• [WHAT YOU SHOULD DO] Locate the line containing "LOUIS VUITTON LV 25S SWEATER 0115" in the entries below, then retype it and every later line exactly, leaving out pictures.

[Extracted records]
_____

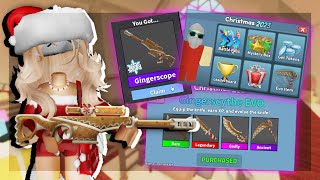 I SPENT 10k+ ROBUX in the NEW MM2 CHRISTMAS UPDATE 2023!!
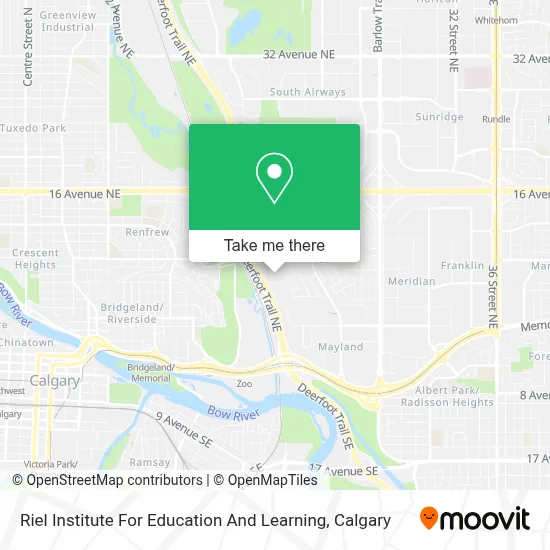 Riel Institute For Education And Learning plan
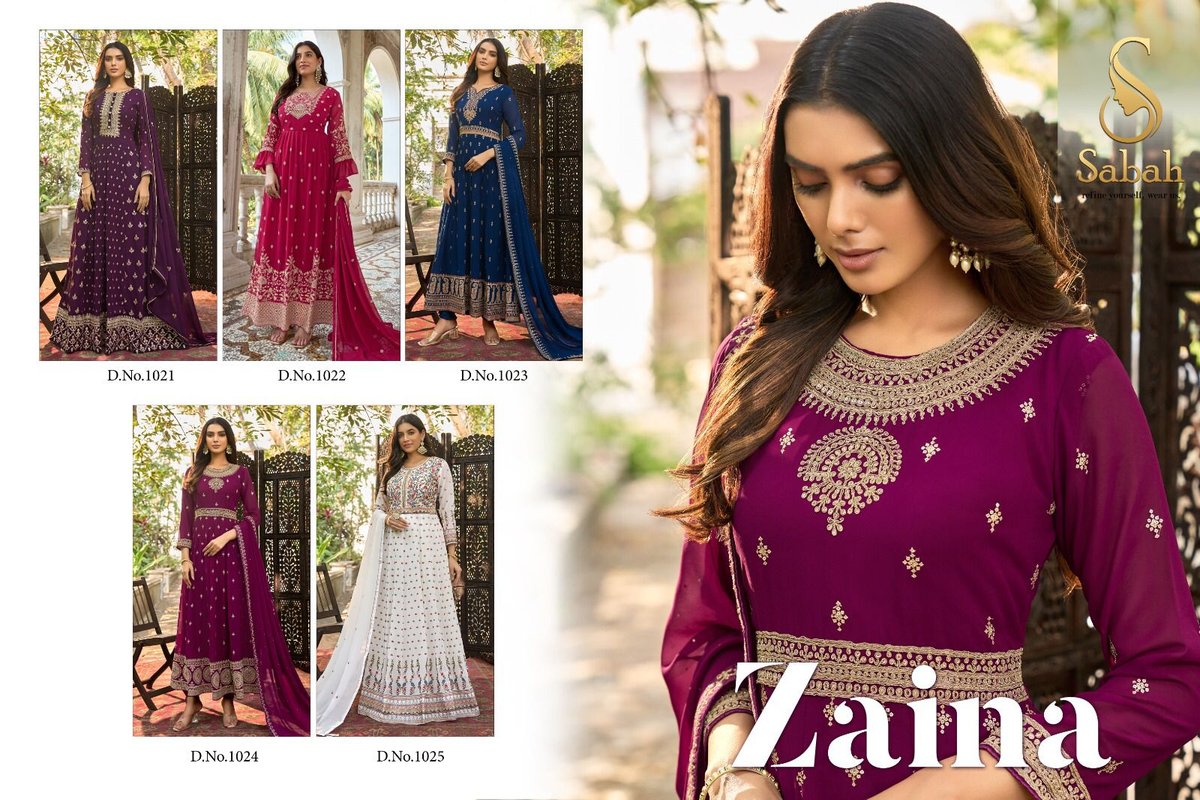 Sabah Zaina 1021-1025 Series 6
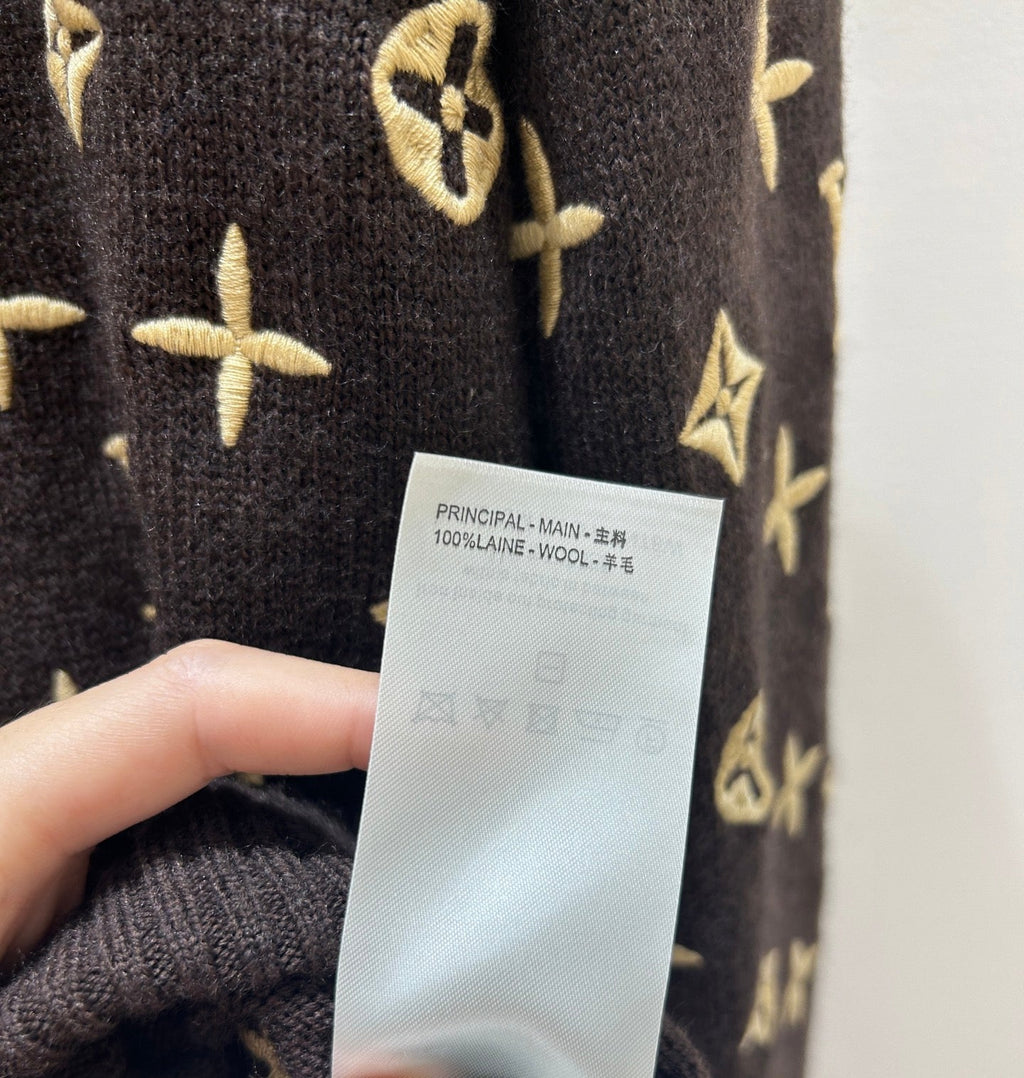 LOUIS VUITTON LV 25S SWEATER 0115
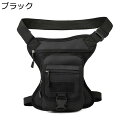 レッグバッグ 迷彩 ミリタリー 多機能 レッグバッグ 小さめ バイク用ウエストポーチ ヒップバッグ 腿用バッグ トレッキング キャンバス バイク用 通勤 軍用 釣り 登山 撥水 防水加工 耐摩耗性 アイロン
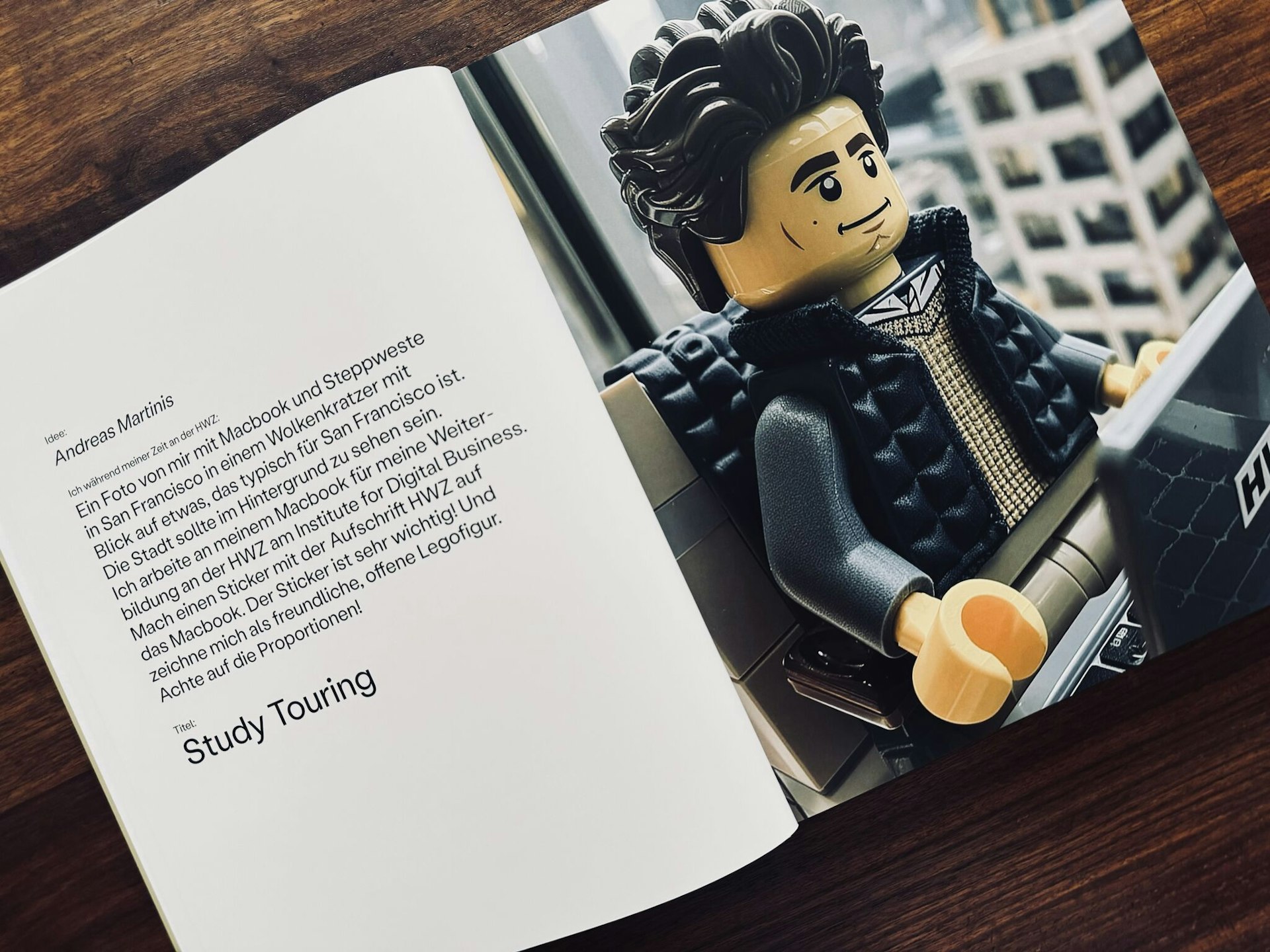 Eintrag Study Touring Andreas Martinis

_____

• [OUTPUT OF THE TASK]
 LOUIS VUITTON LV 25S SWEATER 0115
 レッグバッグ 迷彩 ミリタリー 多機能 レッグバッグ 小さめ バイク用ウエストポーチ ヒップバッグ 腿用バッグ トレッキング キャンバス バイク用 通勤 軍用 釣り 登山 撥水 防水加工 耐摩耗性 アイロン
 Eintrag Study Touring Andreas Martinis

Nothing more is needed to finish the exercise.